DXC has undergone many changes since announcing its plans in New Orleans in 2017. In 2019, it had a new CEO who has been working to cut costs and shift the company’s focus to new service areas.
It has since sold its Medicare and Medicaid claims processing businesses. More recently, it has become an acquisition target. In early 2021, a French company offered to buy the company, but the deal fell through. Earlier this month, several financial publications reported that a private equity firm was in the works for the company.
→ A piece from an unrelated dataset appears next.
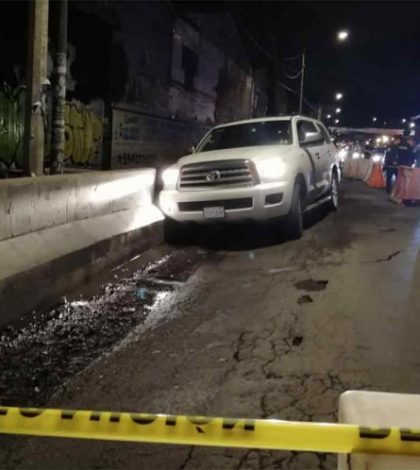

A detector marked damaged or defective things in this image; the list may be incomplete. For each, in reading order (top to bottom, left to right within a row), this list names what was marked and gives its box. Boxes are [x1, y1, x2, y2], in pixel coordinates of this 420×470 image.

cracked pavement [4, 181, 420, 470]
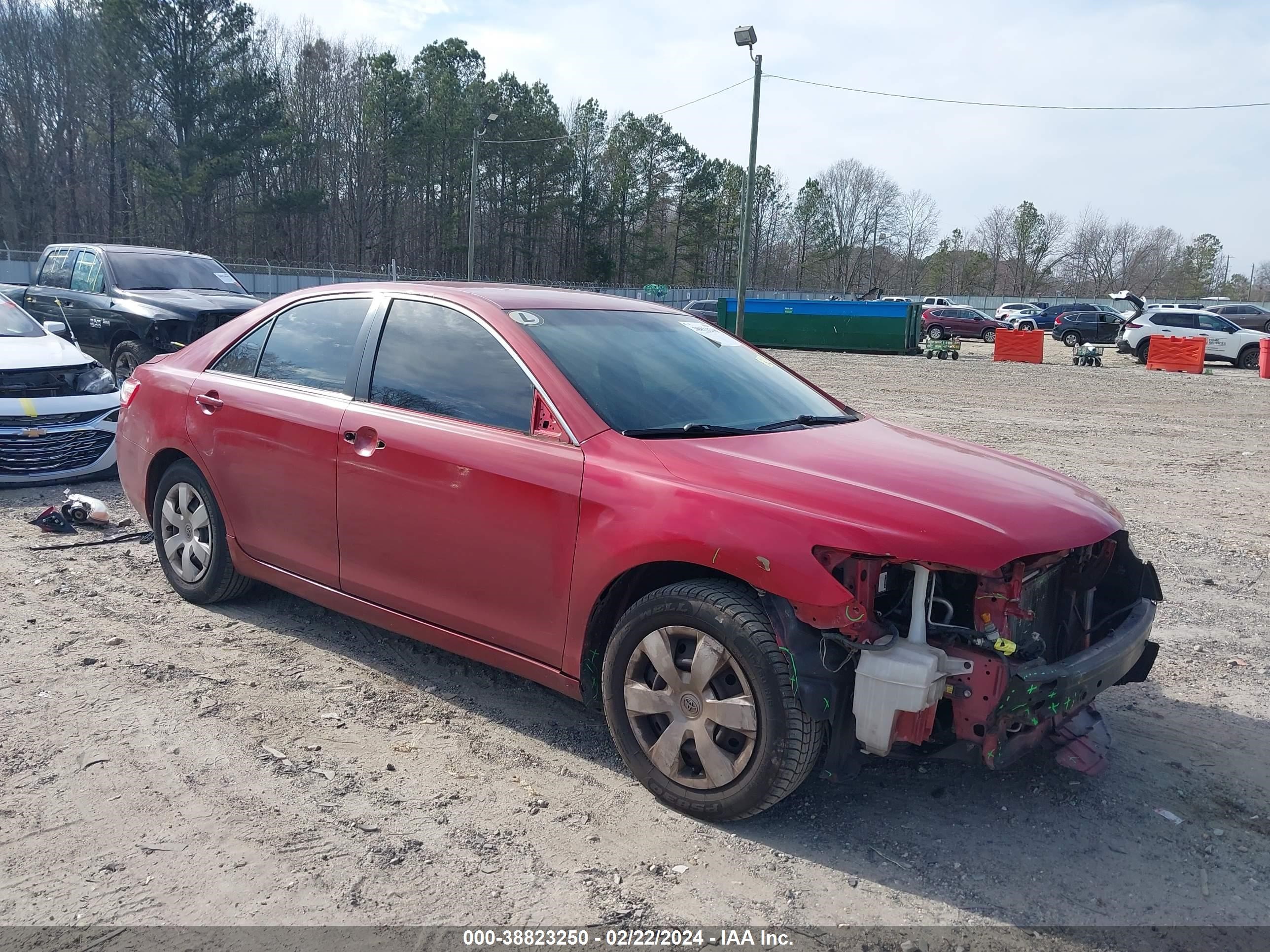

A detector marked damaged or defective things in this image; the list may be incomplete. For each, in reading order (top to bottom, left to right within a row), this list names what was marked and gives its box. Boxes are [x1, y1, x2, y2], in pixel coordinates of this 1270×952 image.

damaged front end of car [762, 530, 1163, 782]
DXC declined to comment on the reports.
If the deal materializes, it’s too early to say what the new owner will mean for DXC’s presence in New Orleans, but Hecht said he’s not worried about the local tech market.
He points to startups like Lucid, which sells for more than $1 billion, and Levelset, which sells for $500 million, as proof that New Orleans’ tech industry has a foothold.
“New Orleans has proven that it can be a diverse and fertile place for tech companies,” Hecht said.
In addition to homegrown success stories, there are other setbacks. The GE Technology Center in St. Charles Square closed in 2020, laying off 100 jobs. Economic development officials at the time blamed the shutdown on the COVID crisis.
Ricciuti said it was important to have a large multinational company like DXC or GE to anchor an emerging technology hub.
“When you have a big company, the real value is not just in the people they hire, but in who spins out of them to start their own tech companies,” he said. “That’s how it spreads. That’s why it’s important to have DXC.”